Antoine Fuqua’s survival movie takes some unexpected turns

Jordan Hoffman 

Nov. 30, 2022

Will Smith and Ben Foster, Emancipation
Will Smith and Ben Foster, Emancipation Apple TV+

As the lights dimmed in the extremely small screening room on the 28th floor of a building in midtown Manhattan, my mind was racing. Apple Original Films was holding a string of close-to-the-last-minute midday showings of Emancipation, a movie that, when it was first announced, seemed like something that would warrant a huge release and much fanfare. (There was, indeed, a bidding war for the rights.)

But there’s been a cautious rollout of this film, with only a handful of highly curated “tastemaker” events before any critics or journalists could take a look. It’s understandable, as this movie comes with industry baggage, being the first title out since its producer and star, Will Smith, breached decorum at the Academy Awards and smacked Chris Rock across the face.

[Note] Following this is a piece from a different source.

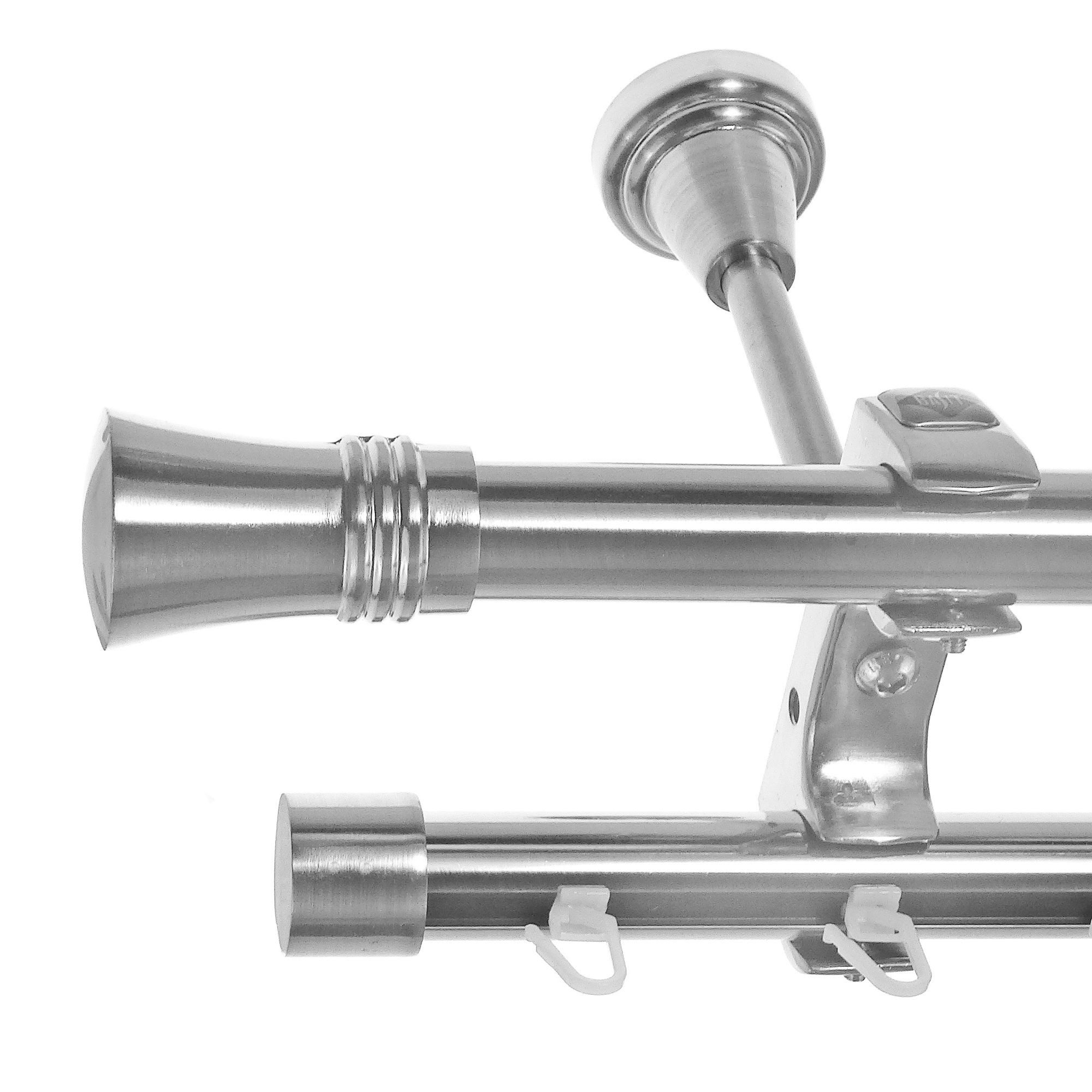 BASIT Gardinenstange Rohr und Innenlauf Edelstahloptik 20mm mit Deckenträgern 400 cm E86, Ø 20 mm, 2-läufig, verschraubt, Metall, D61RI 400 cm E86 Knauf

Why am I bringing this up? Because it took about a minute and a half until all that marketing distraction vaporized. I was immediately drawn into Antoine Fuqua‘s survival-horror picture, based somewhat loosely on the escape from slavery of a real man known as “Whipped Peter.”

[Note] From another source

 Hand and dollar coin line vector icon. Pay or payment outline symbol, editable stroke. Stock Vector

We open with black and white digital images of the Louisiana swamp, then an intimate scene between Smith’s Peter (speaking with a Haitian accent) and his wife (Charmaine Bingwa) and children. Something bad is about to go down, but we don’t know what. White men burst into their shack, and we see we’re on a plantation, and Peter has just been acquired by the Confederate Army as taxation. Peter promises his weeping family he will one day return, but the cart carrying him and other enslaved people soon enters a hell on earth. 

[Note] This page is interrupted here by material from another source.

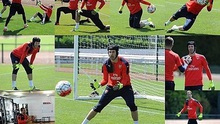 Petr Cech tập buổi đầu tiên ở Arsenal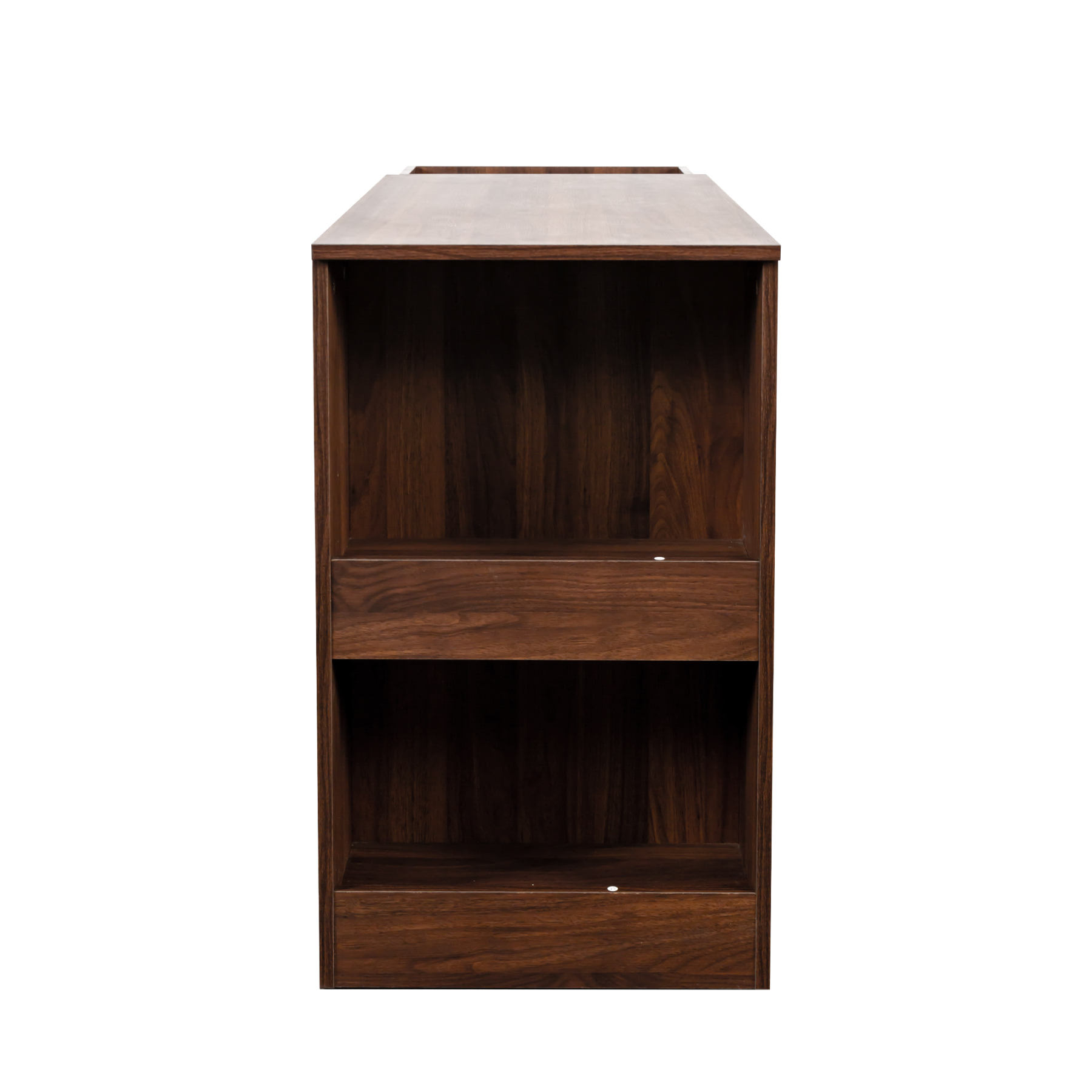 Modern Extendable Computer Desk w/ Drawers & Storage Shelves, Walnut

Heads on spikes greet them in the steamy swamp; there are shrieks of agony and the sound of whipped men. This is the cruelest, most nightmarish last stop before death. Workers are expected to help build a railroad until their bodies give out under them and they are replaced by new terrified souls. Fuqua shoots this sequence with a gripping sense of dread, similar to the entry to Bexhill in Alfonso Cuarón’s Children of Men. The difference, of course, is that Cuarón’s movie was science fiction, while the horrors of slavery are part of American history.

The chief enforcer of the camp is Jim Fassel, played with an eerie cruelty by Ben Foster. It sounds weird to say this, but he’s terrific as the sadistic, hateful tracker of runaway slaves. Fassel and Peter soon clock one another; they know something will happen that will set them on a path.

Indeed, word leaks about the Emancipation Proclamation. Lincoln has declared all enslaved people to be free, but a lot of good this does for them right now. Still, Peter wonders if he can make his way to the Union Army somehow — especially with a garrison supposedly in Baton Rouge, not too far from them. An opportunity presents itself to break free, and Peter and four comrades take it (not before Will Smith commits some badassery to a bastard guard’s face with a shovel). Emancipation then springs into action mode.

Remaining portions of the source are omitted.